Adding a new endpoint
This document offers essential guidance for Service Providers and relevant third-party entities interested in having their metadata records incorporated into the CESSDA Data Catalogue (CDC).It is particularly applicable to those with an online OAI-PMH (Open Archives Initiative Protocol for Metadata Harvesting) repository showcasing their study-level data holdings. The objective is to enhance the discoverability of these data holdings through the CDC.
Notably, the CDC is indexed by Google Dataset Search and collaborates with several European data aggregators, including OpenAIRE, B2Find, and GoTriple, for metadata harvesting.
A Basecamp space OAI-PMH Endpoints has been set up for the dissemination of knowledge about the installation, configuration and use of Dataverse, Kuha2 and other OAI-PMH applications. Access is restricted to staff of CESSDA Service Providers.
Set up an OAI-PMH endpoint
There are several Open Source implementations of tools that support the OAI-PMH version 2.0 to choose from.
Most Service Providers use either Dataverse or Kuha2 and as a result some guidance and support is available from within the CESSDA community. Support for NESSTAR has ended and should be replaced. CESSDA will not ingest NESSTAR repositories.
Some other options are listed on the OAI-PMH tools page, however as there is no revision date shown, the list may be out of date.

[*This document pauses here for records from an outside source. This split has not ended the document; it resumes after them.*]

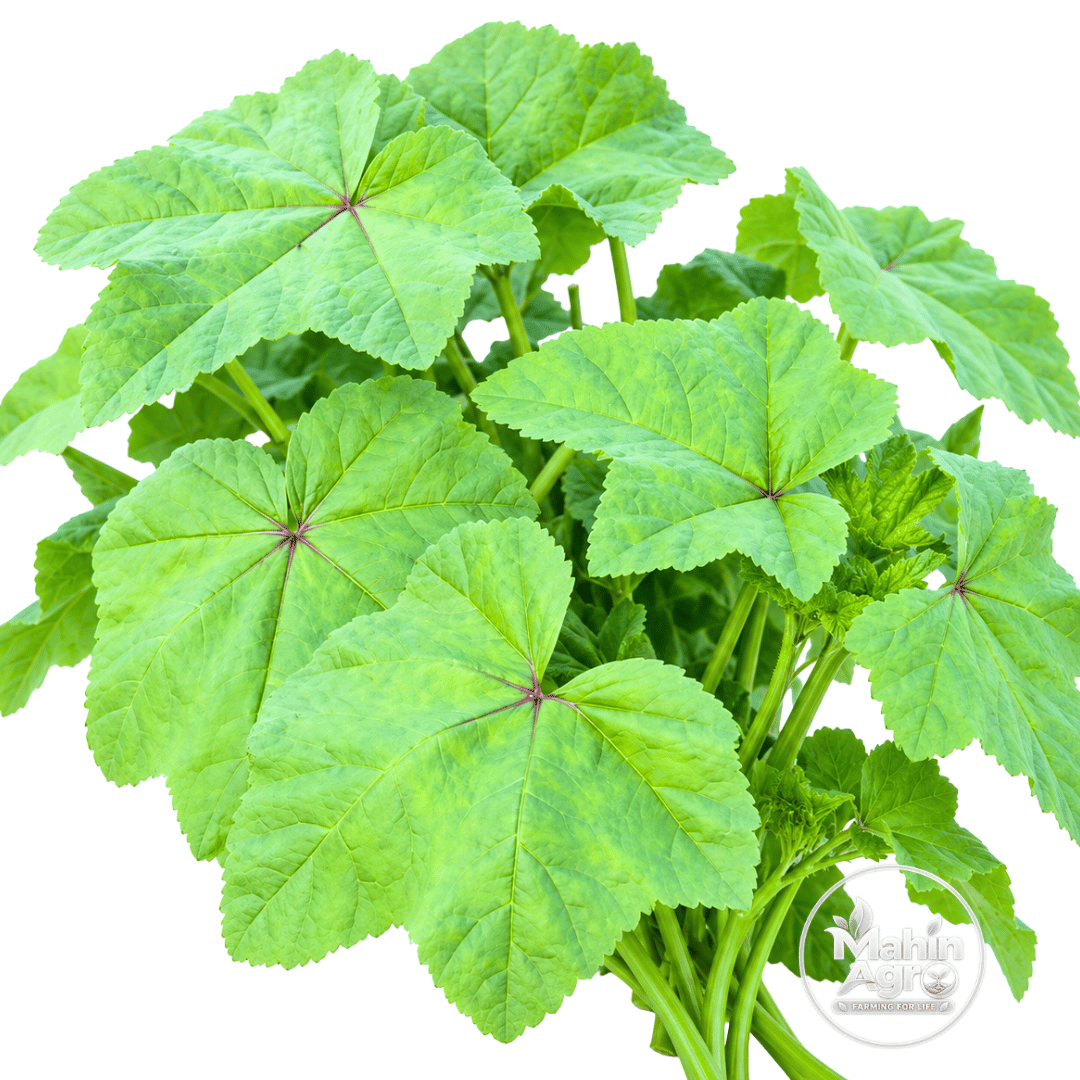 Cheeseweed Edible Napa Shak Seeds. Edible cheeseweed mallow leaves and stems displayed against a white background.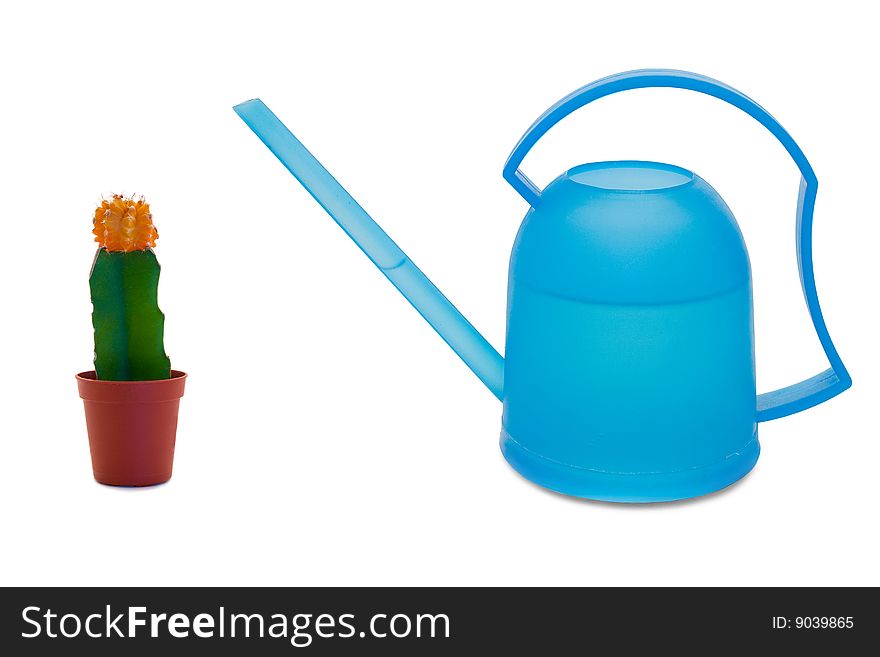 Blue watering can on white background with cactus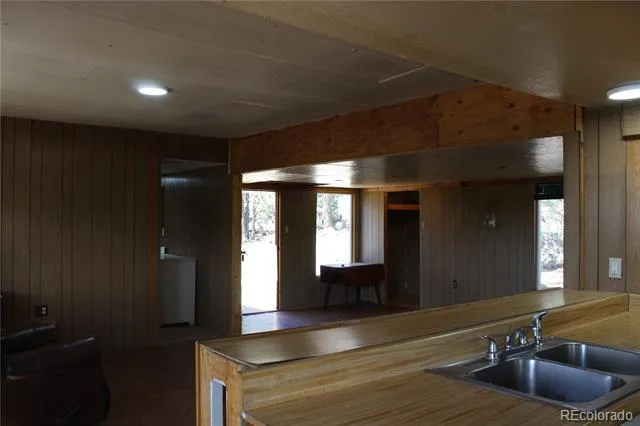 234 Panorama Drive Bailey, CO 80421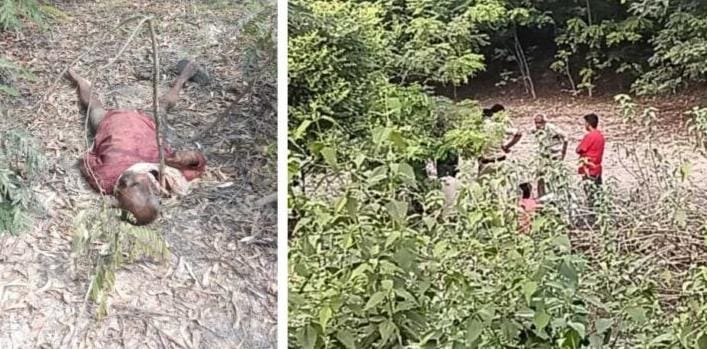 सर्वमंगला डंपिंग में बुजुर्ग व्यक्ति की मिली लाश, पुलिस पहुंची मौके पर सर्वमंगला डंपिंग में बुजुर्ग व्यक्ति की मिली लाश, पुलिस पहुंची मौके पर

The endpoint must be configured to act as an OAI-PMH repository. Once the chosen tool has been installed and configured, it can be validated using a free to use service such as OVAL BASE.
Metadata Requirements
Service (Data) Providers must provide an endpoint exposing metadata represented as DDI 2.5 Codebook standard. Looking ahead, the CDC is set to expand its support to include the DDI Lifecycle format,furthering enhancing its metadata handling capabilities. The DDI files must also be compliant with the latest version of CESSDA Metadata Model (CMM). The compliance with CMM can be checked using the CESSDA Metadata Validator. We recommend validating some of your metadata to expose potential systemic issues before making your endpoint available.
Additionally, some other requirements are imposed.
- Regular updates of the metadata provided
- Deleted status when records are no longer available (see the OAI-PMH specifications on deleted records)
- Provenance records for any records not originating from this repository, i.e. aggregated from other sources (see the OAI-PMH guidelines on provenance records)
The CDC contains SSH study level metadata. If the repository contains (or is expected to contain) any non-SSH study level metadata, use the OAI-PMH Set construct to partition the metadata, so that CDC can harvest the set containing only the SSH study level metadata.
It is essential for Service Providers to establish and maintain a routine process for updating the XML files hosted by their OAI-PMH repositories. This includes regular updates for additions, modifications, and deletions of content. Without such a maintenance protocol, the data harvested in the CESSDA Data Catalogue (CDC) risks becoming outdated and may no longer reflect the most current and accurate information
If support is needed, Service (Data) Providers can contact CESSDA Main Office to connect their expert with the CESSDA Platform Team. The following information is useful for expediating requests.
- URL of the OAI-PMH endpoint (e.g.
https://xxx.xxx.xxx/oai-pmh
) - Metadata prefix (e.g.
oai_ddi25
) - Set specification, if relevant (e.g.
subject:social-sciences
) - Name and email address of the person responsible for the endpoint.